_Task statement_:
Look down the entries below and report how many lines hold the string "iris"; write nothing else.

####################

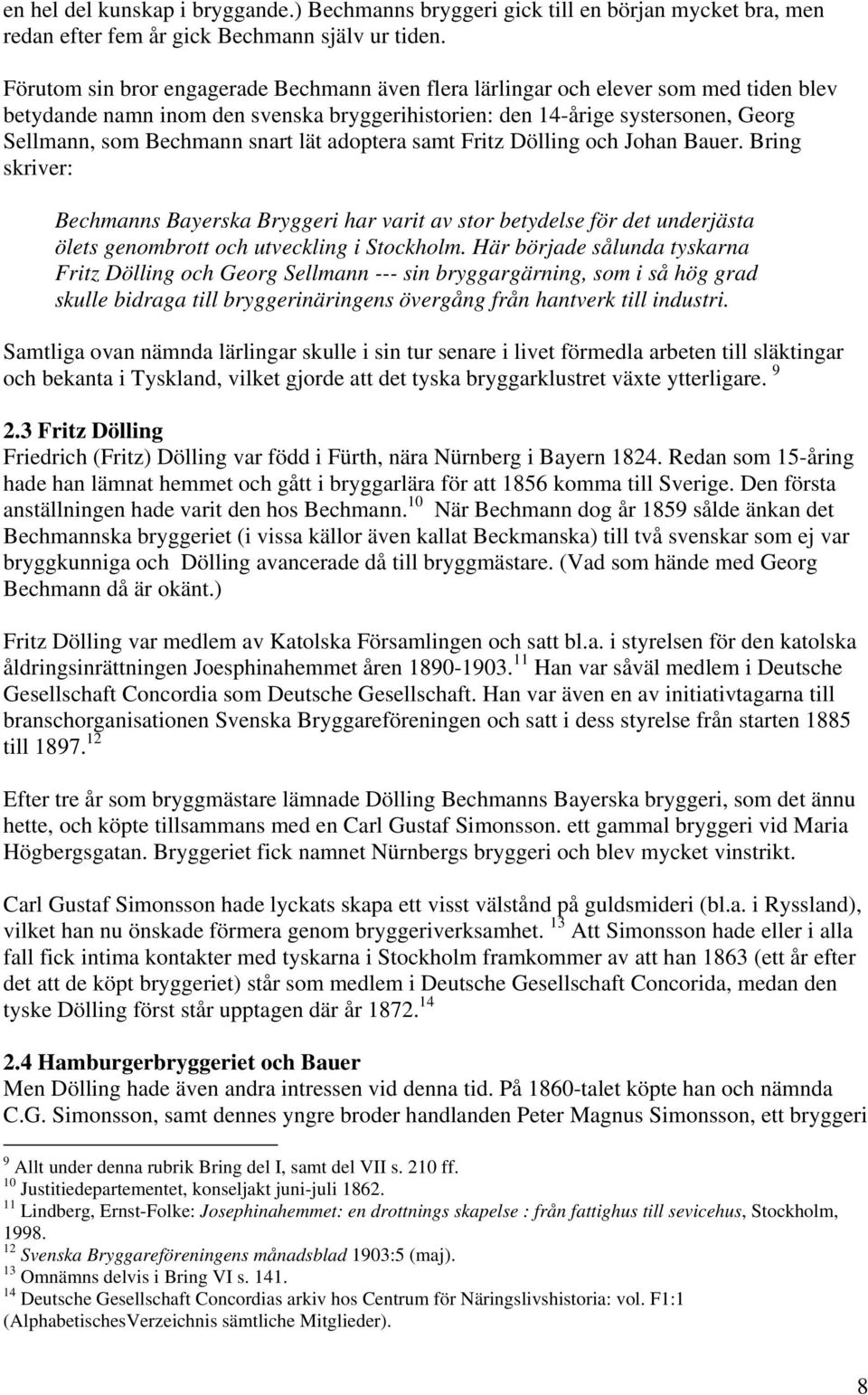 lät adoptera samt Fritz Dölling och Johan Bauer. Bring skriver: Bechmanns Bayerska Bryggeri har varit av stor betydelse för det underjästa ölets genombrott och utveckling i Stockholm.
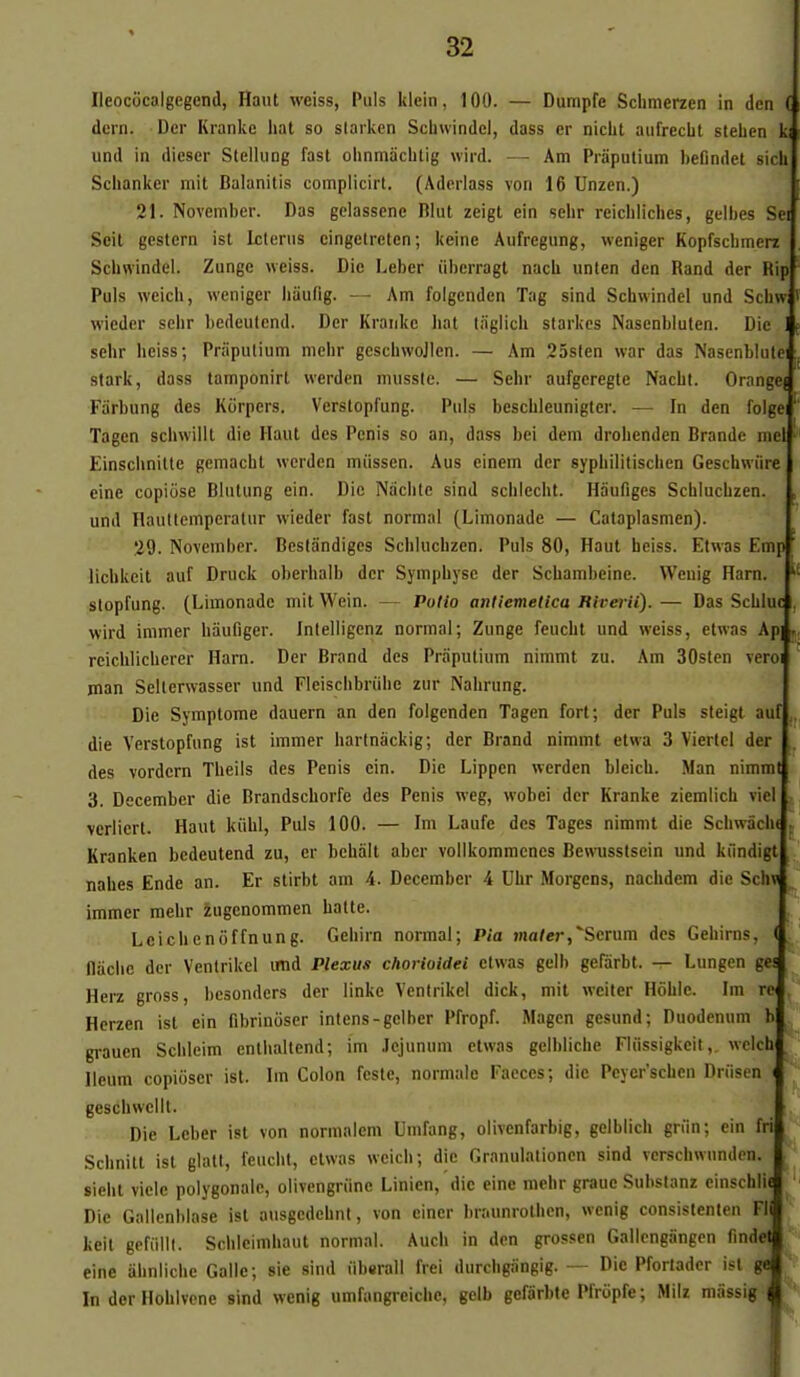 Ileococalgegend, Haut weiss, Puis klein, 100. — Dumpfe Schmerzen in den ( dern. Der Krankc liât so slarken Schwindcl, dass cr nicht aufrecbt stehen ki und in dicser Stellung fast olinniàchlig wird. — Am Piâputium befindet sicli Sclianker mit Balanitis complicirt. (Adcrlass von 16 Unzen.) 21. November. Das gelassene Rlut zeigt ein sehr reicblicbes, gelbes Sei Scit gestcrn ist Icterus cingetrcten; keine Aufregung, wcniger Kopfscbmerz Scbwindei. Zungc weiss. Die Leber iiberragt nacb unten den Rand der Rip Puis weich, wcniger liaufig. - - Am foigenden Tag sind Scbwindei und Schw wieder sebr bedeutend. Der Krankc bat t/iglicb starkes Nasenbiuten. Die 1 sehr heiss; Pn'ipulium mebr gcscbwojlcn. — Am 25slen war das Nasenblulei stark, dass tamponirt werden mussie. — Sebr aufgeregle Nachl. Orange) Farbung des Ktirpers. Verstopfung. Puis bescbleunigter. — In den folge Tagen schwillt die Haut des Pénis so an, dass bei dem drobenden Brande nicl Einscbnitle gemacbt werden miissen. Aus einem der sypbilitiscben Geschwiire eine copiôse Blutung ein. Die Naclite sind scblecht. Haufiges Scblucbzen. , und Haultemperatur wieder fast normal (Limonade — Calaplasmen). 29. November. Bcstândiges Scblucbzen. Puis 80, Haut beiss. Etwas Emp ' licbkeit auf Druck oberhalb der Sympbyse der Scbambeine. Weuig Harn. stopfung. (Limonade mit Wein. — Polio aniiemetica Riverii). — Das Scbluc , wird immer biiufiger. Inlelligenz normal; Zunge feucbt und weiss, etwas Ap] . reichliehercr Harn. Der Brand des Praputium nimmt zu. Am 30slcn vcroi jnan Selterwasser und Fleiscbbriibc zur Nabrung. Die Symptôme dauern an den foigenden Tagen fort ; der Puis sleigt auf,. die Verstopfung ist immer barlnâckig; der Brand nimmt etwa 3 Vierlel der des vordcrn Tbeils des Pénis ein. Die Lippen werden bleicb. Man nimmt 3. Decembcr die Brandscborfe des Pénis weg, wobei der Kranke ziemlich viel verliert. Haut kiibl, Puis 100. — Im Laufc des Tages nimmt die Scbwâcbi . Kranken bedeutend zu, er bcbalt abcr vollkommcncs Bewusstsein und kiindigt , nahes Ende an. Er stirbt am 4. December 4 Uhr Morgens, nacbdem die Scta ^ immer mebr zugenommen batte. Leicbenoffnung. Gebirn normal; Pia ma/er,*Serura des Geliims, ( flacbe der Ventrikel imd Plexus chorioidei etwas gelb gefârbt. -:- Lungen gei Herz gross, bcsonders der linke Ventrikel dick, mit wciter Hoble. Im rc' Hcrzen ist ein fibrinôser intens-gelber Pfropf. Magen gesund; Duodénum b grauen Sclileim entballend; im .lejunum etwas gelhlicbe Fliissigkeit,. welch Ileum copiôser ist. Im Colon feste, normale Faeces; die Peyer'schen Drfisen i geschwellt. Die Leber ist von normalem Umfang, olivenfarbig, gelblich griin; ein fri Scbnitt ist glatt, feucbt, etwas weich; die Granulalioncn sind verschwunden. siebt vicie polygonale, olivcngriine Linien, die eine mebr graue Substanz einschlU Die Gailenblase ist ausgcdcbnt, von einer braunrotben, wcnig consislenten FI keil gefiilli. Schleimbaut normal. Auch in den grossen Gallcngângcn nndea eine âhnlicbc Galle; sie sind iibsrall frei durcbgangig. — Die Pfortadcr ist mj^ In derHoblvcne sind wenig umfangreicbe, gelb gefârbte Pfriipfe; Milz raiissi^P^
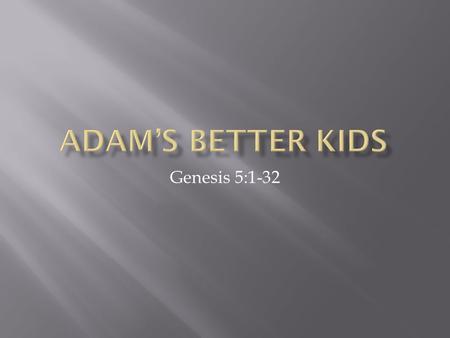 Genesis 5:1-32. EDWARDSJUKES  Of 700 studied  300 preachers  65 college professors  13 university presidents  60 authors of good books  3 US congressmen.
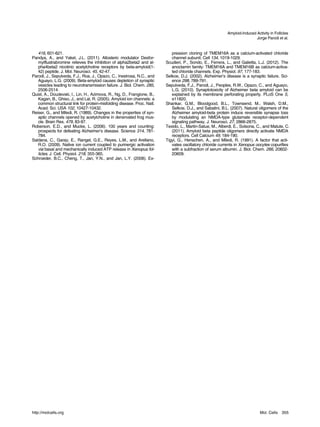 Amyloid-Induced Activity in Follicles
                                                                                                                           Jorge Parodi et al.


   416, 601-621.                                                            pression cloning of TMEM16A as a calcium-activated chloride
Pandya, A., and Yakel, J.L. (2011). Allosteric modulator Desfor-            channel subunit. Cell 134, 1019-1029.
   mylflustrabromine relieves the inhibition of alpha2beta2 and al-      Scudieri, P., Sondo, E., Ferrera, L., and Galietta, L.J. (2012). The
   pha4beta2 nicotinic acetylcholine receptors by beta-amyloid(1-           anoctamin family: TMEM16A and TMEM16B as calcium-activa-
   42) peptide. J. Mol. Neurosci. 45, 42-47.                                ted chloride channels. Exp. Physiol. 97, 177-183.
Parodi, J., Sepulveda, F.J., Roa, J., Opazo, C., Inestrosa, N.C., and    Selkoe, D.J. (2002). Alzheimer’s disease is a synaptic failure. Sci-
   Aguayo, L.G. (2009). Beta-amyloid causes depletion of synaptic           ence 298, 789-791.
   vesicles leading to neurotransmission failure. J. Biol. Chem. 285,    Sepulveda, F.J., Parodi, J., Peoples, R.W., Opazo, C., and Aguayo,
   2506-2514.                                                               L.G. (2010). Synaptotoxicity of Alzheimer beta amyloid can be
Quist, A., Doudevski, I., Lin, H., Azimova, R., Ng, D., Frangione, B.,      explained by its membrane perforating property. PLoS One 5,
   Kagan, B., Ghiso, J., and Lal, R. (2005). Amyloid ion channels: a        e11820.
   common structural link for protein-misfolding disease. Proc. Natl.    Shankar, G.M., Bloodgood, B.L., Townsend, M., Walsh, D.M.,
   Acad. Sci. USA 102, 10427-10432.                                         Selkoe, D.J., and Sabatini, B.L. (2007). Natural oligomers of the
Reiser, G., and Miledi, R. (1989). Changes in the properties of syn-        Alzheimer amyloid-beta protein induce reversible synapse loss
   aptic channels opened by acetylcholine in denervated frog mus-           by modulating an NMDA-type glutamate receptor-dependent
   cle. Brain Res. 479, 83-97.                                              signaling pathway. J. Neurosci. 27, 2866-2875.
Roberson, E.D., and Mucke, L. (2006). 100 years and counting:            Texido, L., Martin-Satue, M., Alberdi, E., Solsona, C., and Matute, C.
   prospects for defeating Alzheimer’s disease. Science 314, 781-           (2011). Amyloid beta peptide oligomers directly activate NMDA
   784.                                                                     receptors. Cell Calcium 49, 184-190.
Saldana, C., Garay, E., Rangel, G.E., Reyes, L.M., and Arellano,         Tigyi, G., Henschen, A., and Miledi, R. (1991). A factor that acti-
   R.O. (2009). Native ion current coupled to purinergic activation         vates oscillatory chloride currents in Xenopus oocytes copurifies
   via basal and mechanically induced ATP release in Xenopus fol-           with a subfraction of serum albumin. J. Biol. Chem. 266, 20602-
   licles. J. Cell. Physiol. 218, 355-365.                                  20609.
Schroeder, B.C., Cheng, T., Jan, Y.N., and Jan, L.Y. (2008). Ex-




http://molcells.org                                                                                                           Mol. Cells    355
 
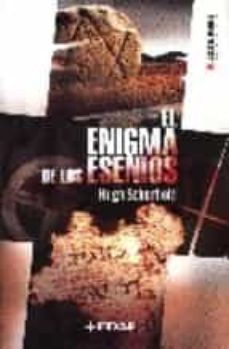 Portada de EL ENIGMA DE LOS ESENIOS: LOS ORIGENES DEL CRISTIANISMO Y EL MIST ERIO DEL VERDADERO MAESTRO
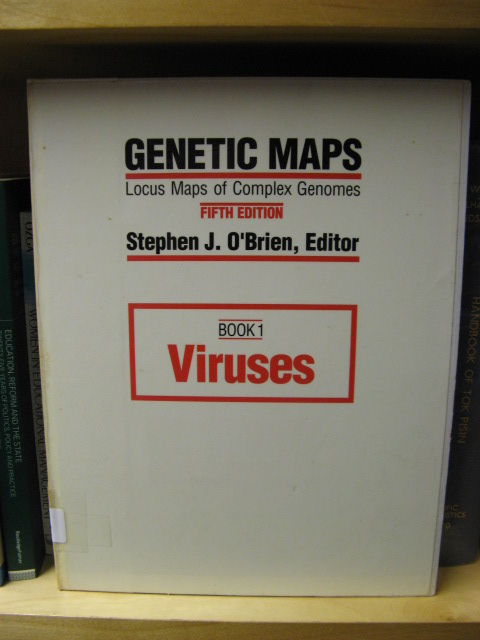 Genetic Maps: Locus Maps of Complex Genomes, Book 1: Viruses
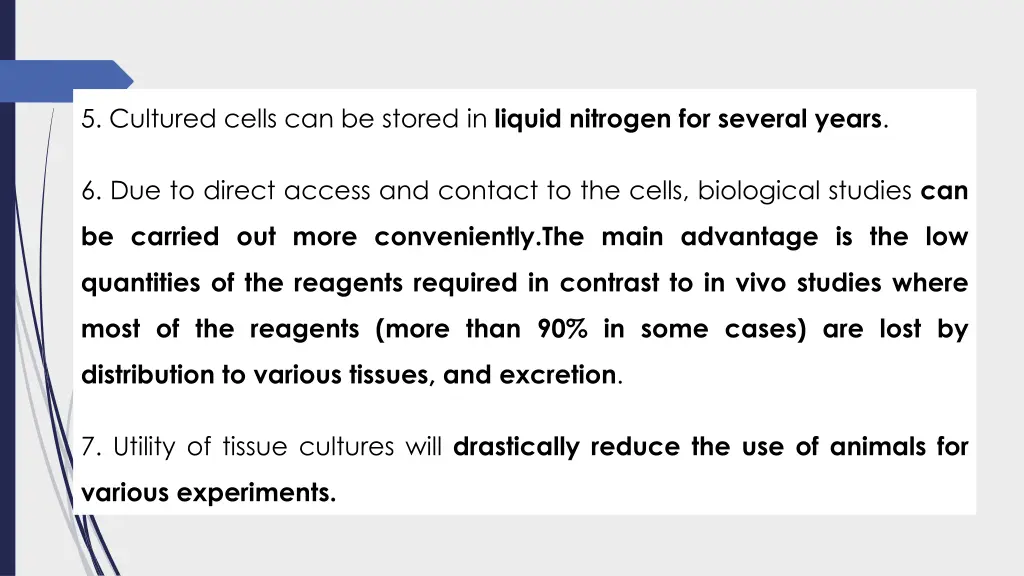 5 cultured cells can be stored in liquid nitrogen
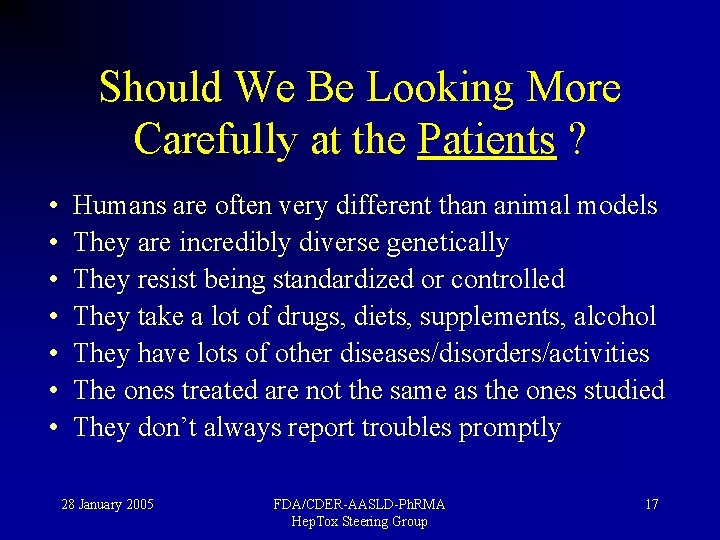 Should We Be Looking More Carefully at the Patients ? • • Humans are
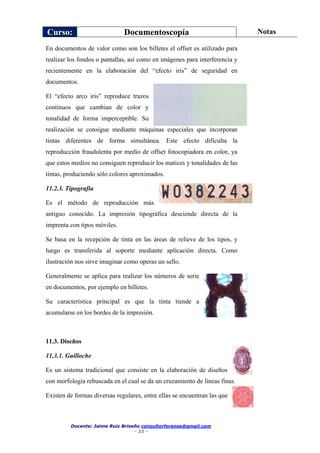 Curso: Documentoscopía Notas
Docente: Jaime Ruiz Briseño consultorforense@gmail.com
- 33 -
En documentos de valor como son los billetes el offset es utilizado para
realizar los fondos o pantallas, así como en imágenes para interferencia y
recientemente en la elaboración del “efecto iris” de seguridad en
documentos.
El “efecto arco iris” reproduce trazos
continuos que cambian de color y
tonalidad de forma imperceptible. Su
realización se consigue mediante máquinas especiales que incorporan
tintas diferentes de forma simultánea. Este efecto dificulta la
reproducción fraudulenta por medio de offset fotocopiadora en color, ya
que estos medios no consiguen reproducir los matices y tonalidades de las
tintas, produciendo sólo colores aproximados.
11.2.3. Tipografía
Es el método de reproducción más
antiguo conocido. La impresión tipográfica desciende directa de la
imprenta con tipos móviles.
Se basa en la recepción de tinta en las áreas de relieve de los tipos, y
luego es transferida al soporte mediante aplicación directa. Como
ilustración nos sirve imaginar como operas un sello.
Generalmente se aplica para realizar los números de serie
en documentos, por ejemplo en billetes.
Su característica principal es que la tinta tiende a
acumularse en los bordes de la impresión.
11.3. Diseños
11.3.1. Guilloche
Es un sistema tradicional que consiste en la elaboración de diseños
con morfología rebuscada en el cual se da un cruzamiento de líneas finas.
Existen de formas diversas regulares, entre ellas se encuentran las que
 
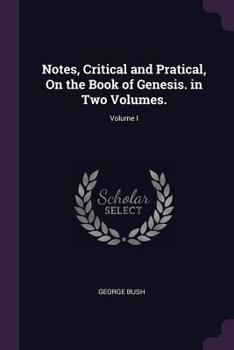 Paperback Notes, Critical and Pratical, On the Book of Genesis. in Two Volumes.; Volume I Book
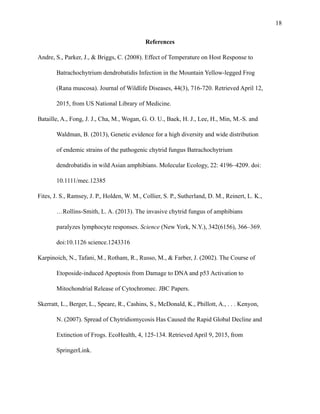 !18
References
Andre, S., Parker, J., & Briggs, C. (2008). Effect of Temperature on Host Response to
Batrachochytrium dendrobatidis Infection in the Mountain Yellow-legged Frog
(Rana muscosa). Journal of Wildlife Diseases, 44(3), 716-720. Retrieved April 12,
2015, from US National Library of Medicine.
Bataille, A., Fong, J. J., Cha, M., Wogan, G. O. U., Baek, H. J., Lee, H., Min, M.-S. and
Waldman, B. (2013), Genetic evidence for a high diversity and wide distribution
of endemic strains of the pathogenic chytrid fungus Batrachochytrium
dendrobatidis in wild Asian amphibians. Molecular Ecology, 22: 4196–4209. doi:
10.1111/mec.12385
Fites, J. S., Ramsey, J. P., Holden, W. M., Collier, S. P., Sutherland, D. M., Reinert, L. K.,
…Rollins-Smith, L. A. (2013). The invasive chytrid fungus of amphibians
paralyzes lymphocyte responses. Science (New York, N.Y.), 342(6156), 366–369.
doi:10.1126 science.1243316
Karpinoich, N., Tafani, M., Rotham, R., Russo, M., & Farber, J. (2002). The Course of
Etoposide-induced Apoptosis from Damage to DNA and p53 Activation to
Mitochondrial Release of Cytochromec. JBC Papers.
Skerratt, L., Berger, L., Speare, R., Cashins, S., McDonald, K., Phillott, A., . . . Kenyon,
N. (2007). Spread of Chytridiomycosis Has Caused the Rapid Global Decline and
Extinction of Frogs. EcoHealth, 4, 125-134. Retrieved April 9, 2015, from
SpringerLink.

####################

_Answer for this exercise_:
2